Angus Kong, the Assistant Vice President (AVP) of Data Science at Tokopedia spent the afternoon on August 30 in SMU, speaking about data science and its applications in the Indonesian e-commerce company. Prior to joining Tokopedia, Angus worked at Microsoft, Google and Appier, where he worked on famous features such as Gmail SmartReply and language understanding features for the Google Assistant. As the AVP of Tokopedia, Angus oversees the company’s Artificial Intelligence and Machine Learning strategies, where he aims to help data science teams succeed and integrate data science within the company’s services and products.

By way of introduction to the company, Tokopedia just turned 10 and aspires to provide all services needed by its users to function in their daily lives, from payments to commerce to other such services. Its underlying vision is to democratise commerce- because commerce is inextricably linked to human societies and our endeavours, and pushing commerce with technology helps push us as a whole towards greater prosperity and success. As an example of that, Tokopedia provides financial solutions to give people opportunities to start their own small businesses.

For an e-commerce company, Indonesia actually represents an incredibly vast amount of untapped potential. It is the 4th most populous country in the world, with high mobile phone, bank and internet penetration rates but astonishingly low e-commerce penetration rates of only 5%. Hence, both the population and fundamental factors indicate a favourable outlook for Tokopedia.

When it comes to data science, what it means for the company is four things: problems for the company to solve, infrastructure with which to deliver a solution, data to support the problem-solving process and finally people to work on the data to create the solution. The broad categories of data science problems that Tokopedia deals with include functions and applications that the company uses, more fundamental problems that belie all company functions and the more advanced topics that can help create greater business value.

Examples of the first category include optimising for search and advertisement relevance, creating good recommendations for the home page of the app, and fraud detection for the payment and registration stages.
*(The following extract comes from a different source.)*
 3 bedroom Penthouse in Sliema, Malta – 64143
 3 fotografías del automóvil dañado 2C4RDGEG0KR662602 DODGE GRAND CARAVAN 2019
Tackling that last problem of fraud is always challenging, as people with malicious intent can be very creative in coming up with new ways to commit fraud and so new challenges constantly pop up for the fraud detection team. Here, Angus shared some interesting anecdotes of fraud cases, one of which had a buyer and seller colluding by raising the price on an item to illegally gain from a cashback programme.

More fundamental problems for the company pertains to those that are relevant to many other business functions. Keyword identification and discovery are such problems, as are Natural Language Processing problems. The core functions behind the entire e-commerce premise of the company benefits from any improvements or solutions to such problems. Additionally, more advanced overarching research objectives for the company, such as transfer learning techniques that will help Tokopedia develop new AI models more efficiently, without investing too much resources into training and developing it. Another area of improvement is the correct representation of data and information to the company’s users, merchants and products.

The supporting infrastructure used to facilitate data storage and retrieval, however, is much more difficult to build and requires vast amounts of time and resources to develop. Hence, Tokopedia currently works with cloud platform providers such as Google Cloud, Alibaba Cloud, Microsoft and Nvidia to support the country’s data science operations. Angus painted an interesting picture of a scene during one of the company’s shopping holidays, when engineers were gathered in a “war room” to constantly monitor to ensure that the company’s servers were online to support the traffic coming in from consumers. Apart from Tokopedia engineers, groups of engineers from the four different platform providers were present as well, huddled in their respective corners and working on their respective computers.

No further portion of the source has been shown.